Whether playing Android or PC games, the console mode on the Shield is an awesome feature to have. It allows you to hook the device to the TV through an HDMI port and play games as you would a traditional game console. This means you could be playing your PC games from your home office on your living room TV using just the tablet and the Shield controller.
You can set it to turn off its own screen, close all apps, and just function as a console in 1080p, or you can simply mirror whatever is on the screen. However you do it, the games look fantastic blown up on the big screen, and for users who don’t want to hook up a PC directly, this is a fantastic way to expand the games that can be played on the TV.
Other Tablet and Entertainment Functions
The Shield Tablet is an extremely powerful Android tablet, and as such, it is able to run all of your entertainment apps with ease. Whether it’s watching Netflix or YouTube, you’ll have no problem with the Shield.
There is one thing it does that other tablets don’t — it doesn’t involve consuming media, but rather, it involves broadcasting. Twitch streaming is integrated directly into the Shield Tablet, which allow gamers to broadcast their gameplay quickly and easily with just a few taps. You can also record locally, as you can see in the footage of us testing the tablet recorded in the video review above.

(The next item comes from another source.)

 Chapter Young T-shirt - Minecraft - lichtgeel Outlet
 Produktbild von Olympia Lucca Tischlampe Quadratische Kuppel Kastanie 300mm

All in all, there isn’t much to say about the Shield Table as an entertainment device. It does everything you’d expect from an Android tablet, though the extra weight does come into play, as it’s not as portable as other small tablets. It all comes back to the fact that this device is built for performance, and if you only want a tablet to watch movies on, you might want to look elsewhere.
All in all, the $299 Shield Tablet is just a fantastic piece of hardware. NVIDIA has taken great strides to improve its game streaming technology, and that really makes this device quite a bit more usable than the original Shield. On top of that, NVIDIA has pushed the hardware to the absolute limit, packing an insane amount punch under the hood.
Throw in the additional purchase of a controller, and you have a really solid gaming device. If you want a tablet to use for gaming, this is absolutely the one to buy. However, if gaming is secondary, and you want the thinnest and lightest device you can get, you might want to look elsewhere, as this one is aimed at performance first.
MakeUseOf recommends: Buy it if gaming is your first priority.